The following files were created.

### Employee (`employee.csv`)
|   Column name  |   Description | 
|---------------|-----------|
| Employee ID |	A unique ID that identifies an employee, connects to the **Performance Rating** table  |
|FirstName | First name of an employee  |
|LastName |	Last name / surname of an employee |
|Gender| Self-defined employee gender identity|
|Age|Current age of an employee|
|BusinessTravel|Frequency of business travel|
|Department | Most recent department that employee belongs/belonged to |
|DistanceFromHome (KM)|Kilometer distance between an employee’s home and their office|
|State|State where the employee lives|
|Ethincity| Self-defined employee ethnicity|
|Education | A unique ID that identifies an employees education level, connects to the **Education Level** table |
|EducationField|Employee field of study|
|JobRole |	Most recent department that employee belongs/belonged to |
|MaritalStatus|Current/latest employee marital status|
|Salary | Most recent record of employee salary |
|StockOptionLevel|The banding level for stock options that the employee has|
|OverTime|Indicates whether an employee is expected to work overtime in their role|
|HireDate|Date the employee joined the company|
|Attrition|Indicates whether an employee has left the organization|
|YearsAtCompany|Number of years since the employee joined the organization|
|YearsInMostRecentRole|Number of years the employee has been in their most recent role|
|YearsSinceLastPromotion|Number of years since the employee last got promoted|
|YearsWithCurrManager|Number of years the employee has been with their current manager|

### Performance Rating (`performance_rating.csv`)
|   Column name  |   Description | 
|---------------|-----------|
| PerformanceID | A unique id that identifies a performance review|
| EmployeeID |	A unique ID that identifies an employee, connects to the **Employee** table  |
|ReviewDate | Date an employees' review took place  |
|EnvironmentSatisfaction |	Rating for employees' satisfaction with their environment  |
|JobSatisfaction |	Rating for employees' satisfaction with their job role |
|RelationshipSatisfaction|Rating for employees' satisfaction with their relationships at work|
|WorkLifeBalance|Rating for employees' satisfaction with their relationships at work|
|SelfRating|Rating for employees' performance based on their own view|
|ManagerRating|Rating for employees' performance based on their manager’s view|
|TrainingOpportunitiesWithinYear|Number of training opportunities offered in the last 12 months|
|TrainingOpportunitiesTaken|Number of training opportunities taken|



### Education Level (`education_level.csv`)
|   Column name  |   Description | 
|---------------|-----------|
| Education Level ID | A unique id that identifies a education level
| Education Level |	A unique ID that identifies an employee, connects to the **Employee** table|


## Broad approach and data preparation

Instead of building an interactive Tableau dashboard and making it 'stand out', I approached this from a data analyst presenting findings to Atlas' senior management. The _story_ format was therefore used instead of dashboards to better explain the analysis and sub-analyses, and how the observations are connected.
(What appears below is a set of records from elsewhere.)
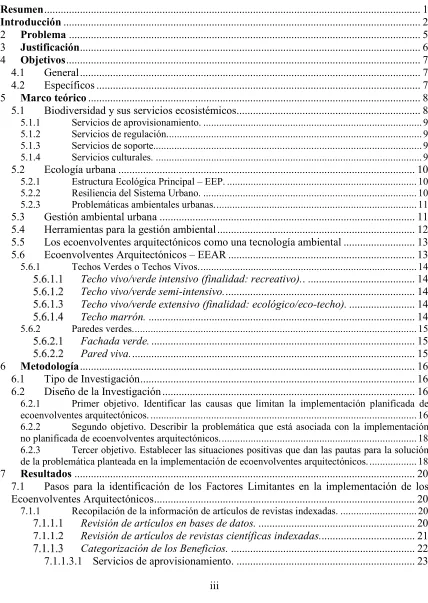 Tabla de contenido 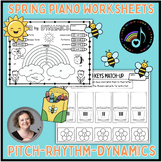 Spring Piano Worksheets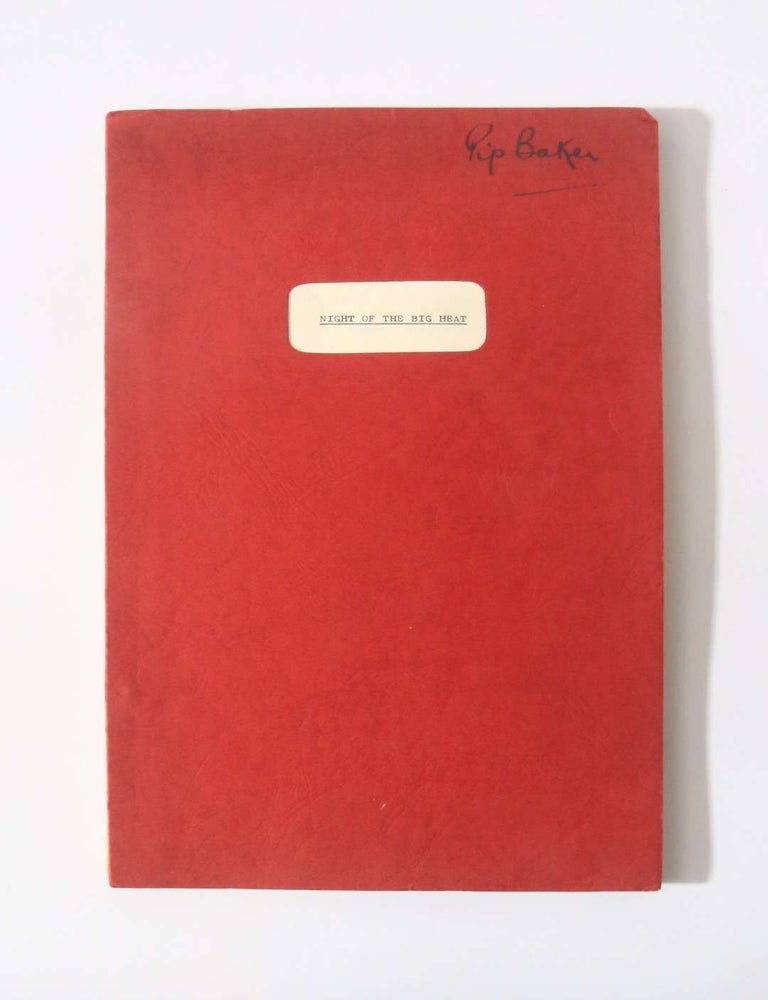 Item #11047 Island of the Burning Damned [Night of the Big Heat] Original Screenplay. Pip Baker Jane Baker, Ronald Liles.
Certain assumptions were made about the company, to choose the sub-analyses to focus on. I assumed that Atlas is a company that is primarily organised by business functions. The Tech and Sales Departments are of particular importance to Atlas Labs' business performance. And therefore Atlas' senior management would be more concerned with the attrition trends there, rather than HR. I also assumed that Atlas' senior management's awareness of its HR trends is relatively low. 

Data exploration was mostly done using Tableau, and SQL to a smaller extent.

Data cleaning was minimal as the datasets were almost complete. Some manipulation was done to prepare the data for analysis. Key ones include:
1. Deriving the 'Year of Attrition' from the 'Attrition', 'HireDate' and 'YearsAtCompany' fields. (Using the DATEADD function.)
2. Deriving the staff strength per year after accounting for attrition that year, from the 'HireDate' and new 'Year of Attrition' fields.
3. Deriving the age of employees when they left the company, from the 'Attrition', 'Age' and new 'Year of Attrition' fields. As the raw data depicts current age of the employee (assumed as of 2022). (Using the MAKEDATE and DATEDIFF functions.)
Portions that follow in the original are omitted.